An approach with a three-dimensional landscape
The project is in a triangular site, the Southeastern side of the huge three-story building with a total floor area of about 160,000 square meters.
The access is designed as a three-dimensional landscape with the main entrance being located on the second floor.
One approaches the restaurant by gently ascending to the flower garden. The visitors are then greeted by a tall atrium - 1.5 times higher than the typical mall’s ceiling height, creating a striking entrance to the restaurant.
Above a pair of pizza ovens located in the heart of the restaurant, 9 North-facing skylights with varying sizes provide soft and gentle natural light into the dining area.
Benjamin trees are planted next to every window, which will eventually grow taller to shade the building from intense tropical sunlight.

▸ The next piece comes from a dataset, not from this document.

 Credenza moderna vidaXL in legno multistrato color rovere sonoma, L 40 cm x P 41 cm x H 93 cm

Natural light and tactile reveal materials of the city of Hai Phong
The city of Hai Phong, with its terminal port, has many industrial materials available. Space was realized by using these materials together with natural light.
Upon arrival, visitors are greeted with curtains made of light metal chains and layers of creeper plants. The metal chains are also used on the façade, railings, and supports for the creepers.

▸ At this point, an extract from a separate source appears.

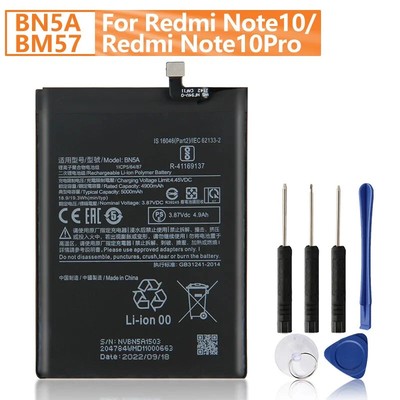 Phone Battery BN5A BM57 For Xiaomi Redmi Note 10 5G Note 10 Pro 5G POCO X3 GT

Lighting fixtures are recycled from robust marine lighting found in the dockyard.
The terrazzo floor around the pizza ovens is embedded with a pattern made of diagonally cut brass rods at every 50cm interval, which is also applied to the ovens, adding intricate details that evoke the industrial atmosphere in the city.
A brick feature wall behind the ovens acts as a textured backdrop to the dining area. Local fire bricks are used and arranged in simple yet dynamic pattern. These patterns change depending on where one stands and direction of the light, like ripples in the ocean.
This restaurant is an Ark Pavilion that embraces its local culture and history, intended to preserve, represent, and educate its identity to the future generation.